One good thing about doing machine learning at present is that people actually use it! The back-ends of many systems we interact with on a daily basis are driven by machine learning. In most such systems, as users interact with the system, it is natural for the system designer to wish to optimize the models under the hood over time, in a way that improves the user experience. To ground the discussion a bit, let us consider the example of an online portal, that is trying to present interesting news stories to its user. A user comes to the portal and based on whatever information the portal has on the user, it recommends one (or more) news stories. The user chooses to read the story or not and life goes on. Naturally the portal wants to better tailor the stories it displays to the users’ taste over time, which can be observed if users start to click on the displayed story more often.

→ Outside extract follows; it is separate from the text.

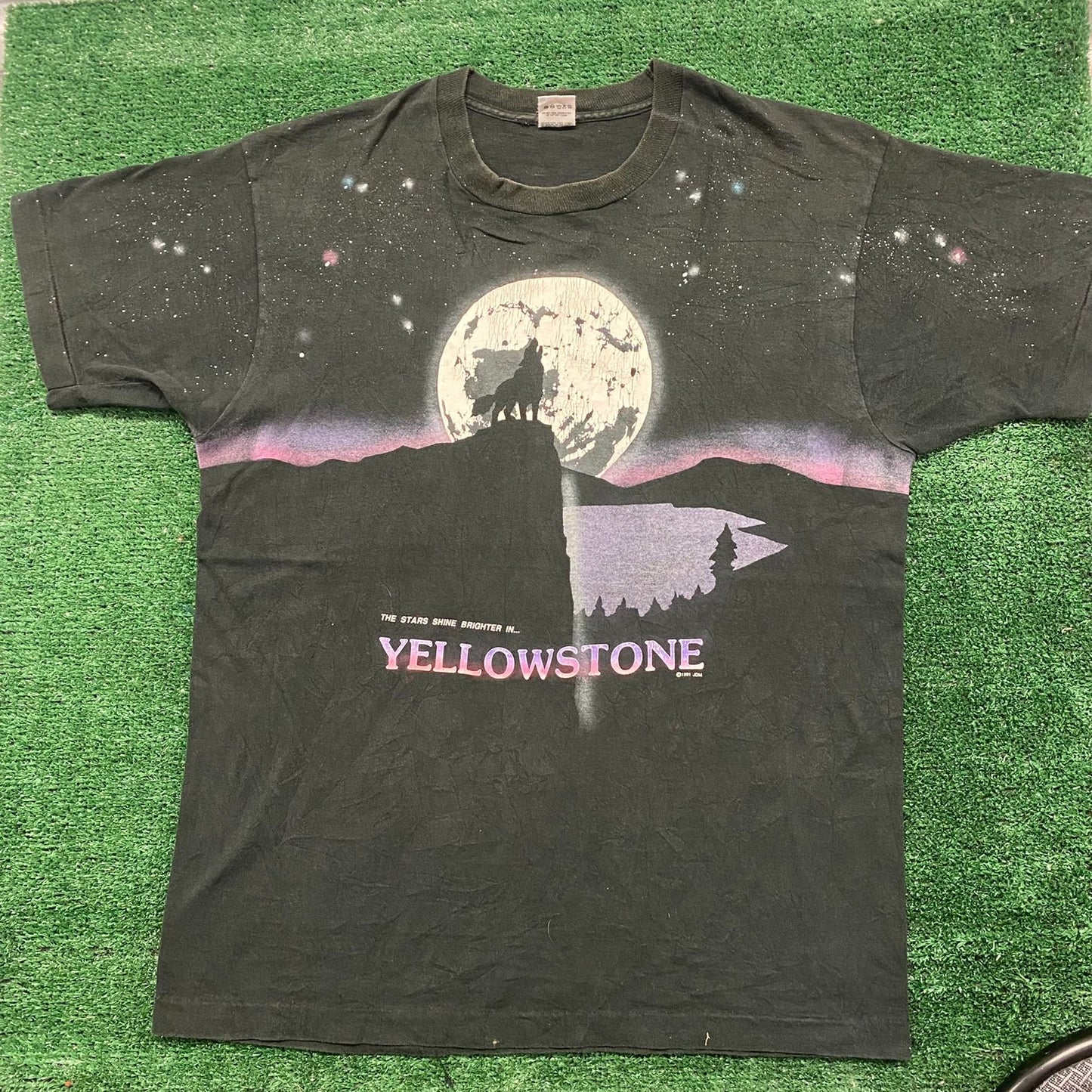 Vintage 90s Yellowstone Wolf Nature Single Stitch AOP Tee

A natural idea would be to use the past logs and train a machine learning model which prefers the stories that users click on and discourages the stories which are avoided by the users. This sounds like a simple classification problem, for which we might use an off-the-shelf algorithm. This is indeed done reasonably often, and the offline logs suggest that the newly trained model will result in a lot more clicks than the old one. The new model is deployed, only to find out its performance is not as good as hoped, or even poorer than what was happening before! What went wrong? The natural reaction is typically that (a) the machine learning algorithm needs to be improved, or (b) we need better features, or (c) we need more data. Alas, in most of these cases, the right answer is (d) none of the above. Let us see why this is true through a simple example.
Imagine a simple world where some of our users are from New York and others are from Seattle. Some of our news stories pertain to finance, and others pertain to technology. Let us further imagine that the probability of a click (henceforth CTR for clickthrough rate) on a news article based on city and subject has the following distribution:
City
|
Finance CTR
|
Tech CTR
|
New York |
1 |
0.6 |
Seattle |
0.4 |
0.79 |
Table1: True (unobserved) CTRs
Of course, we do not have this information ahead of time while designing the system, so our starting system recommends articles according to some heuristic rule. Imagine that we user the rule:
- New York users get Tech stories, Seattle users get Finance stories.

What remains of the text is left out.